La tragedia tuvo caracteres pavorosos.

Se mató hasta con golpes de culata. Del sitio de la emboscada al Cordón ( 4 ), un trecho corto, la carretera quedó sembrada de sangrientos despojos. Se llegó á este lugar casi en torbellino, mezclados y confundidos todos los cuerpos, acosados por el cañón cargado á metralla, sin voz de mando, sin toques de ordenanza, sin resistencia y sin alientos.

Detrás de la deshecha columna quedó un reguero de armas, cananas y morriones.

Aunque nadie mordía el cartucho, empujados hacia el recinto amurallado por una borrasca de sangre y plomo, bajo un sol abrasador, uno que otro rasgo denunció el temple de raza.

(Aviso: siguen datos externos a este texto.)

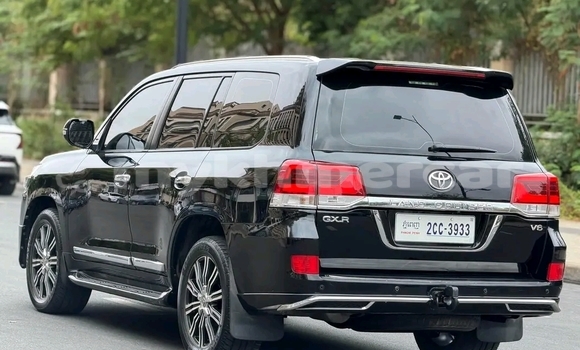 Buy Used Toyota Land Cruiser Black Car in Bavet in Svay Rieng Province Buy Used Toyota Land Cruiser Black Car in Bavet in Svay Rieng Province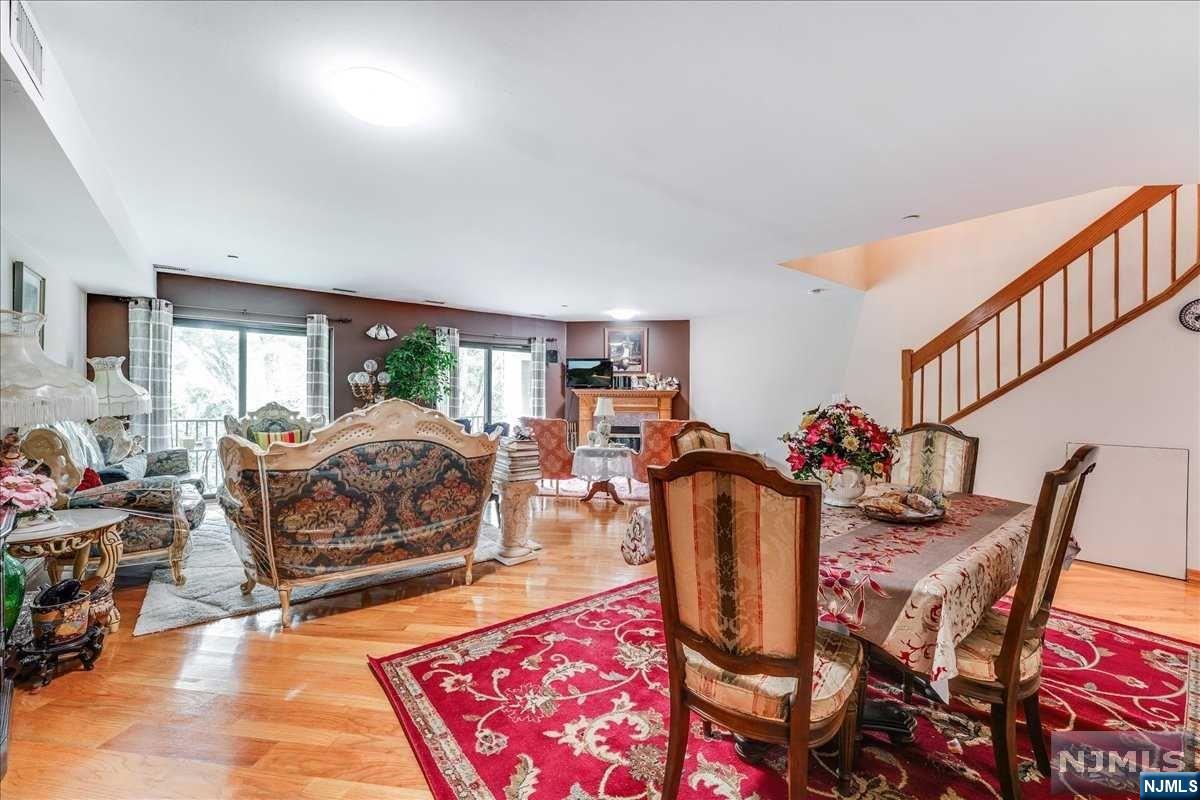 4 Whitman Court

Un sargento se batió á bayoneta junto á una zanja hasta caer exánime. El porta Bianqui, herido en una pierna se arrastra entre el tropel, arranca del asta la bandera, la oculta en su pecho y la salva, salvándose él mismo como en alas de aquel viento de muerte.

En este gran desastre, la infantería española dejó seiscientos cadáveres á lo largo de la nefasta carretera que barría la metralla en casi toda su extensión.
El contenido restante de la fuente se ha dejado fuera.